“This is not a consumer device company that takes privacy very seriously,” says Gamero-Garrido. Since people use smartphones far more than they do with Alexa or Kindle, he says an Amazon smartphone today would “significantly increase the scale of potential privacy harm.”
Gamero-Garrido thinks Amazon could use Transformer as a data-gathering tool to track how people use its devices, build out its ad network, and compete with the likes of Alphabet and Meta, which are facing regulatory scrutiny in the European Union and California.
One way to do this is the Fire TV approach. This is Amazon’s TV streaming platform integrated into third-party TVs (or via dongles); Although you may not have purchased a Fire TV-powered TV from Amazon, the data collected by the operating system is still owned by the company.
“Whether they ultimately succeed with this phone supplement device, or whether they ultimately use a similar model where they install their operating system on other phones or “lightweight” phones that are made by third parties, it has the same effect,” he says. “Ultimately, what Amazon is doing is centralizing all network traffic through its own infrastructure so it can improve its advertising business.”
If Amazon can detect that someone is sick by the sound of their voice, it can recommend that you buy specific cold medicine from Amazon Health – this is an actual patent that Amazon owns.
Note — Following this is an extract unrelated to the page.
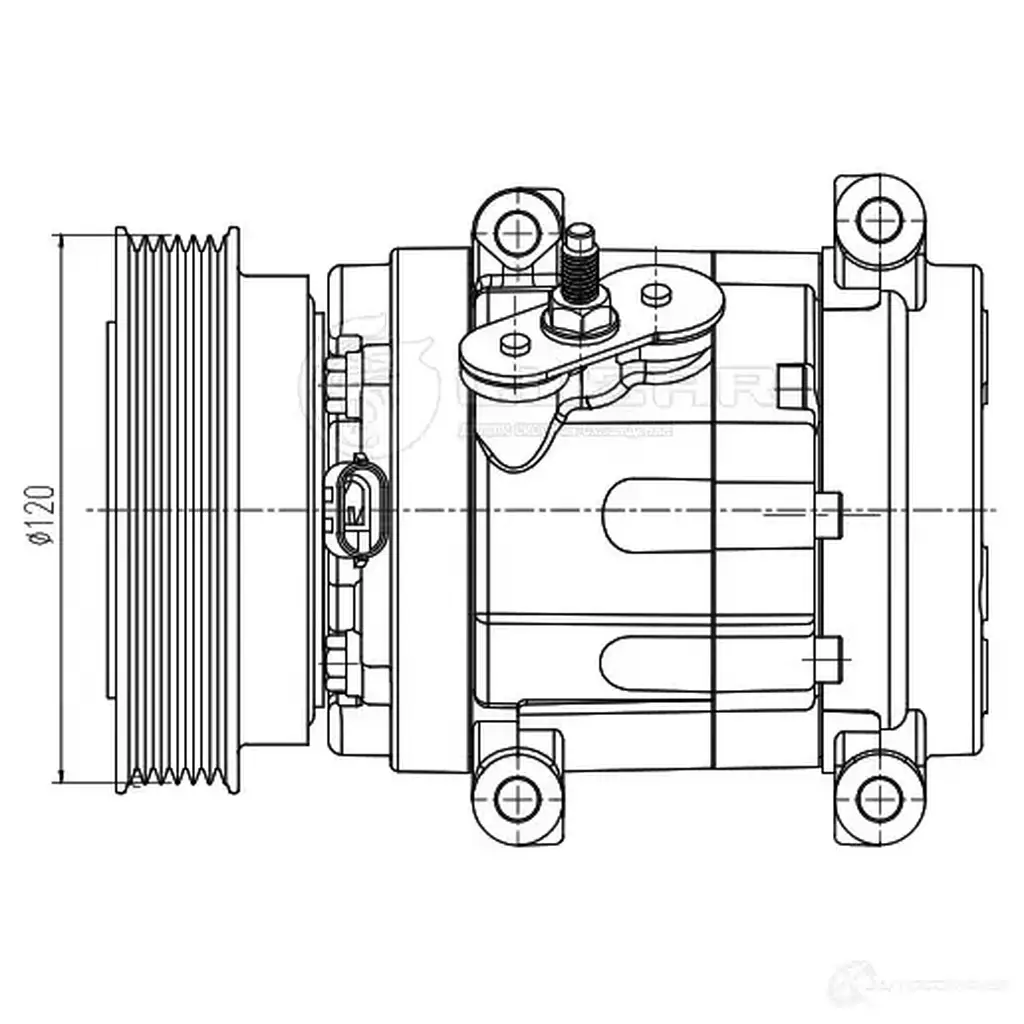 Компрессор кондиционера SsangYong New Actyon/Korando C (12-) LUZAR 1440016674 lcac1755 QD5 5LS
If it’s now powered on a device you carry everywhere, Gamero-Garrido says it can listen to more of your conversations and serve you better ads.
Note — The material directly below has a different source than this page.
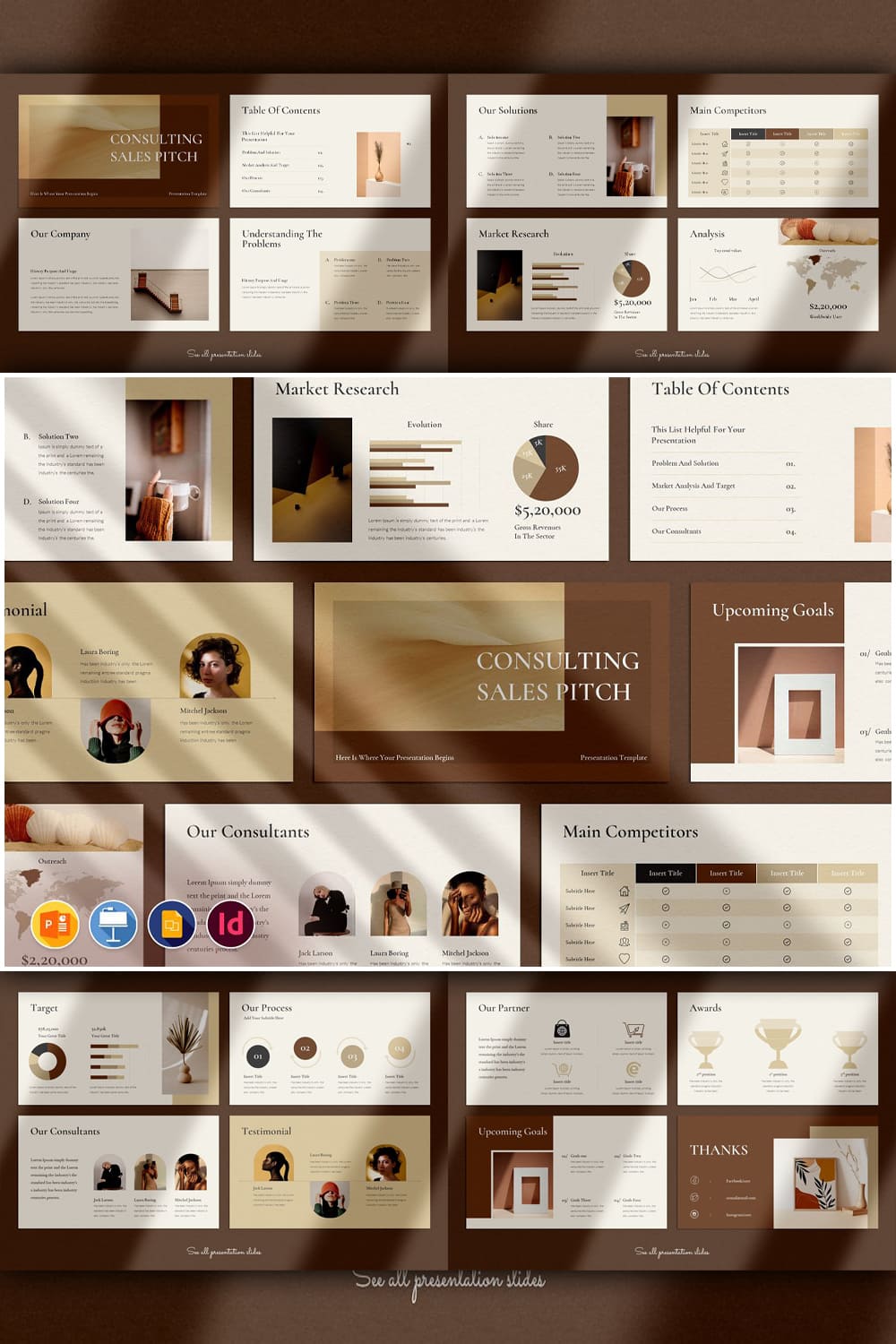 Consulting Presentation Template pinterest image.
Even with its past regressions, customers have shown general acceptance of Amazon’s hardware, says Kassem Fawaz, an associate professor at the University of Wisconsin, Madison, who researches security and privacy in consumer devices.
“I think that when it comes to products, unfortunately, consumers value utility and price more than privacy,” Fawaz wrote in an email to WIRED.
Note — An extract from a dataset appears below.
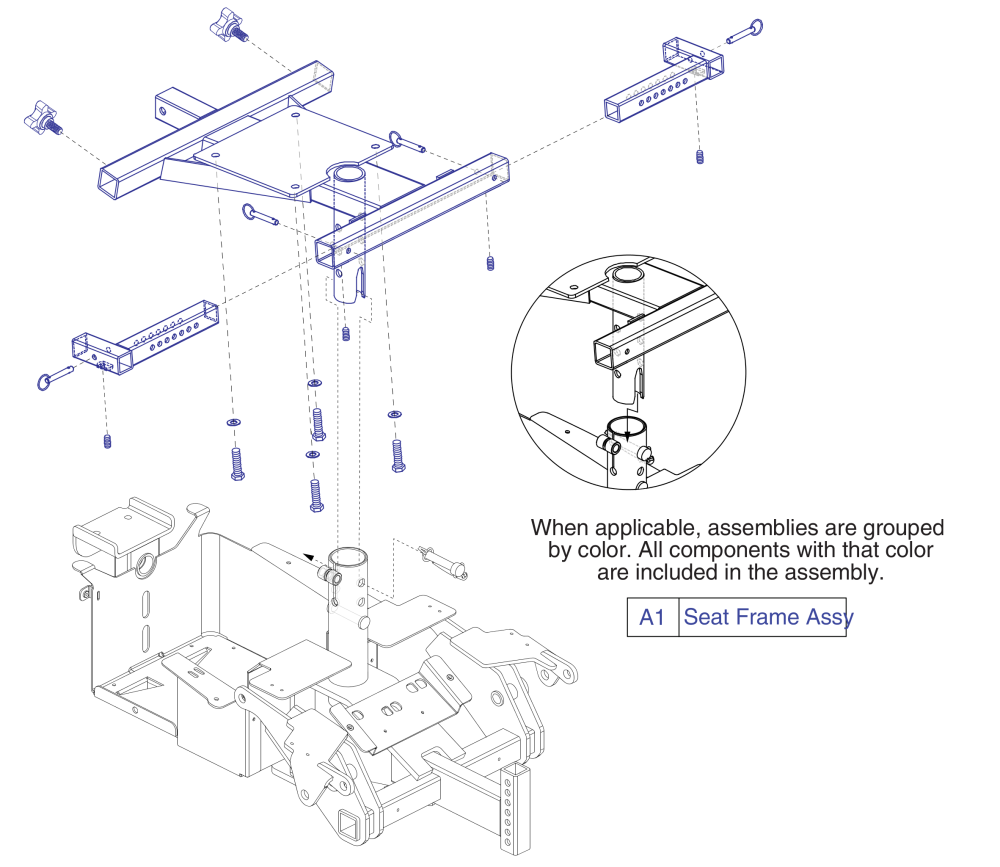 Seat Frame Assy - Contour Lite parts diagram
The accelerator here could be Amazon’s Devices and Services Lead, Panos Panay, who joins the company in 2023. Panay famously helped transform Microsoft’s Surface line of computers into an aspirational hardware brand through his “pump” and emotionally charged keynotes.
Panay has already brought that kind of energy to some Amazon hardware announcements, like the Kindle Scribe ColorSoft, though it hasn’t been able to match the success of the Surface. If Amazon is really making smartphones, it will have to generate a lot of excitement to attract customers.
“If anyone could do it, it would be Panos,” says Geronimo. “For this, I have full confidence. He is the right person for this type of initiative.”